Также я обнаружил, что Карл Роджерс, один из самых выдающихся психологов XX века, дал этому недооцененному навыку название «активное слушание». В целом же умение хорошо разговаривать и правильно задавать вопросы — одна из самых доступных и самых мощных форм связи между людьми.
В худшие дни я слушал словно на автопилоте. Темы политики или философии превращали меня в зануду или хулигана. Люди даже в мелочах избегали возможности не соглашаться со мной, поскольку знали, что это приведет лишь к раздражению и отказу прислушиваться к их аргументам. В личной жизни я слишком часто забывал поддерживать партнера. Я почти не задавал своим друзьям серьезных вопросов. Я любил обсуждать с ними шутки и сплетни, но не хотел спрашивать их о вещах действительно важных. Или я спрашивал их о том, о чем они рассказывали неделю назад, но забывал спросить о недавнем собеседовании или расставании.

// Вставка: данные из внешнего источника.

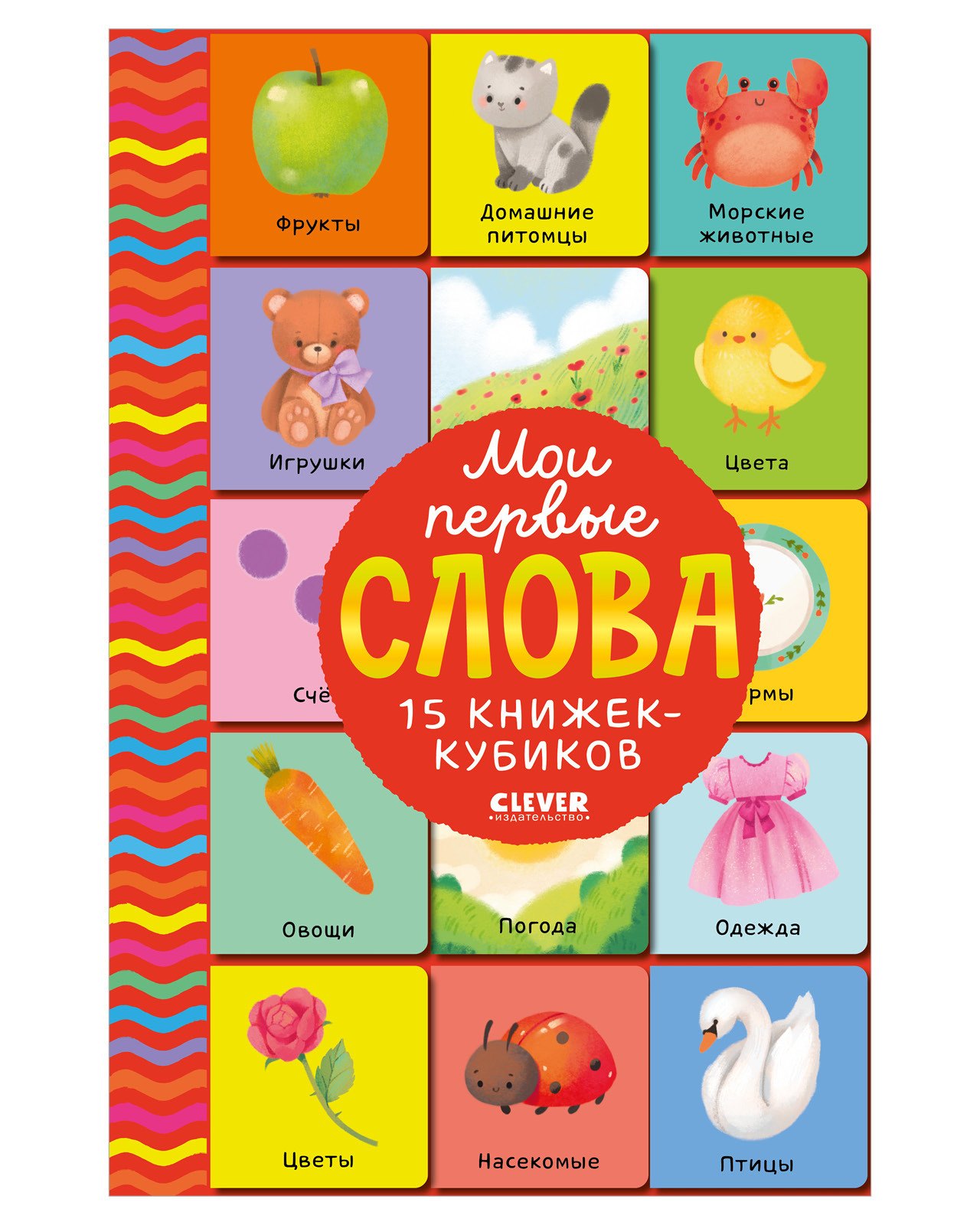 None Мои первые слова. 15 книжек-кубиков. Развитие речи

Вот где неумение слушать приносит наибольший вред: оно сигнализирует окружающим вас людям, что вы не заботитесь о них, а если и заботитесь, то делаете это не очень хорошо. Теперь люди подумают дважды, прежде чем откроются вам или попросят у вас совета. И они уже не будут полагаться на вас, поскольку мы склонны полагаться только на тех, кого считаем великодушными.
Всё это рисует картину довольно мрачную. Но преувеличивать я тоже не хочу — монстром я не был. Я заботился о других и мог показать это. Меня любили, и я прокладывал себе дорогу в мире, видимо, исключительно за счет харизмы.

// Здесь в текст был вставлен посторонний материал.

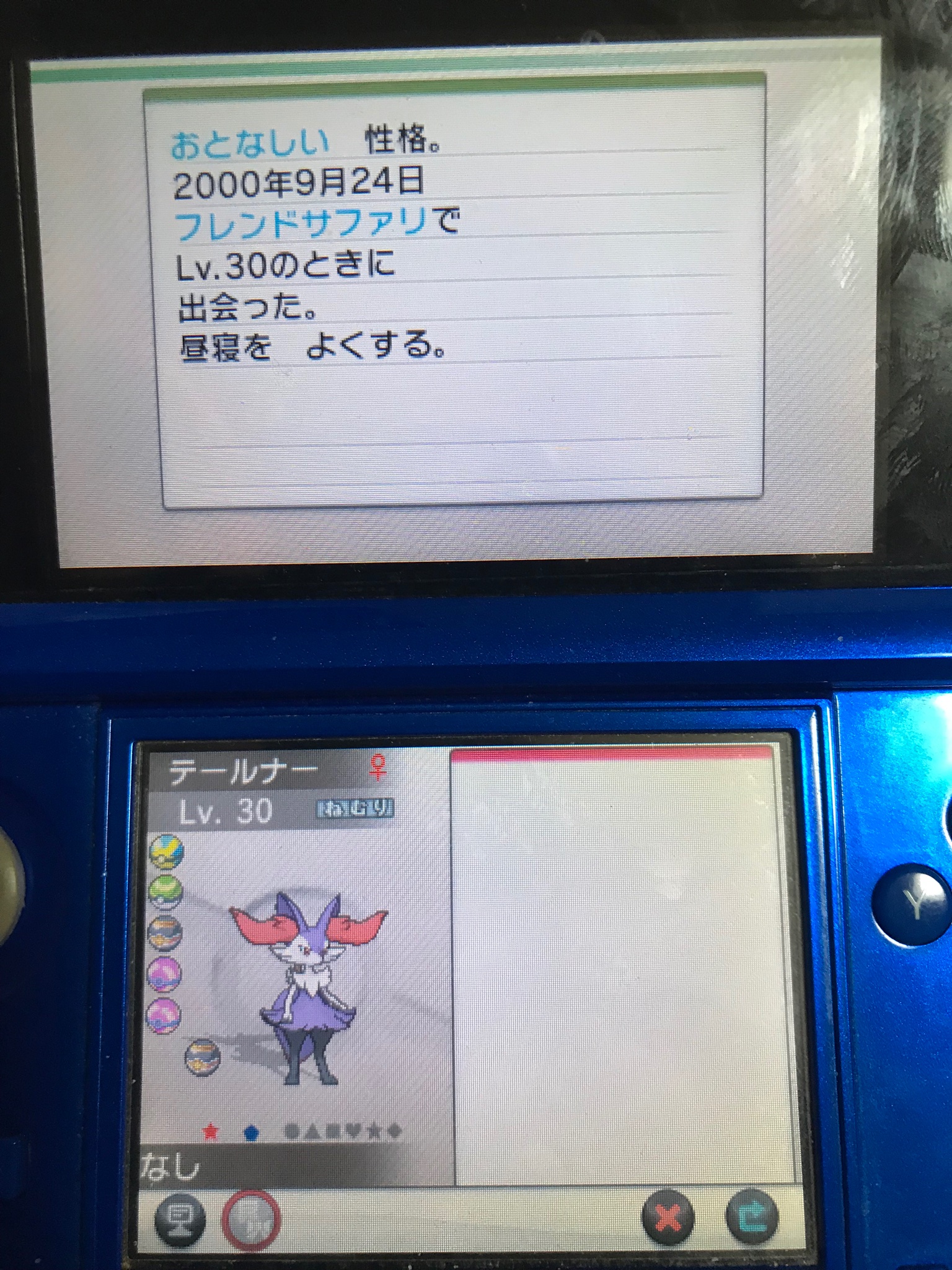 一彩 ポケモンxy フレンドサファリ シンクロ働けks T Co Qrcmggkbwb Twitter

Может быть, именно в этом и заключается печальная правда: можно прожить жизнь, будучи плохим слушателем, ведь люди привыкли прощать невнимательность.

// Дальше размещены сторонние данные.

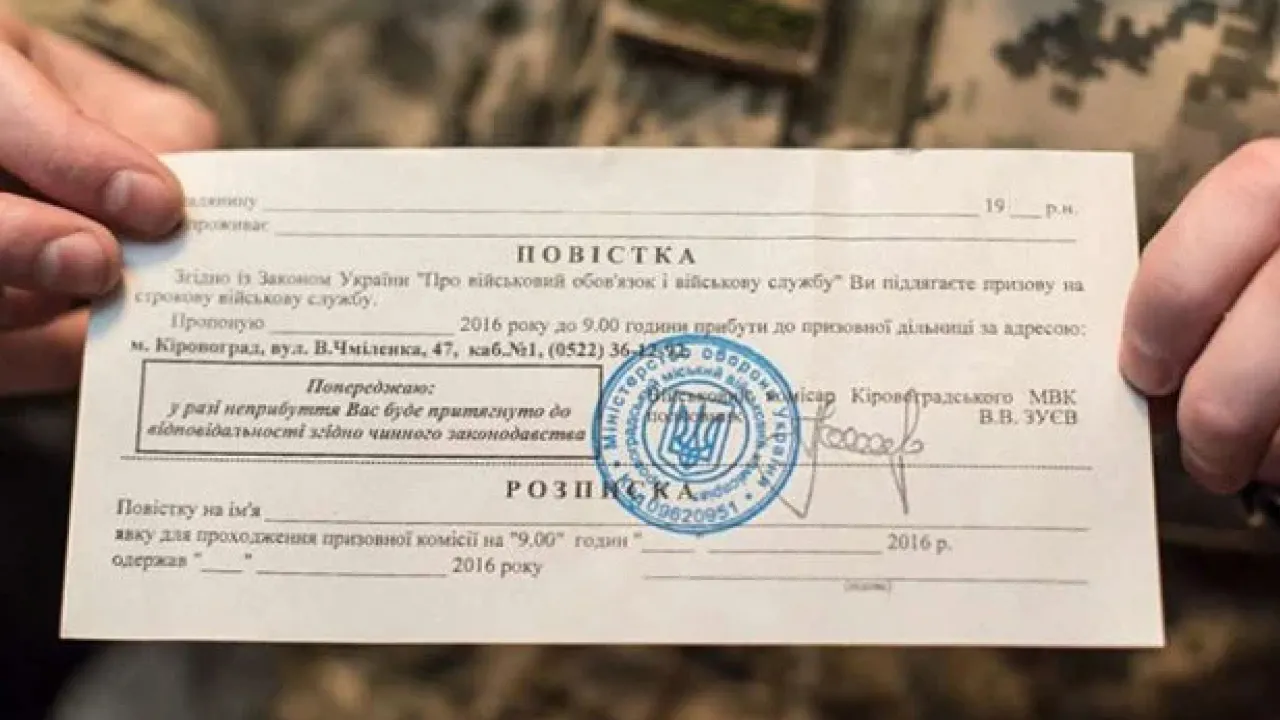 Чи можуть вручити повістку після скасування бронювання: пояснення юриста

Кейт Мерфи в своей книге «Ты не слушаешь» (2020) описывает, как современная жизнь мешает нам слышать других:
Почему мы воспринимаем неумение слушать как само собой разумеющееся? Я думаю, потому, что научиться слушать сложно, и мы все это знаем. Как и все формы самосовершенствования, разрушение панциря невнимательности требует намерения и — в идеале — руководства.
Обнаружив работы Роджерса, я осознал, что во многих разговорах я всё понимал неправильно. Активно слушая, слушатель «не воспринимает пассивно слова, которые ему говорят. Он активно пытается уловить факты и чувства в том, что слышит, и, слушая, пытается помочь говорящему решить его собственные проблемы». Это была та позиция, которую я занимал лишь от случая к случаю.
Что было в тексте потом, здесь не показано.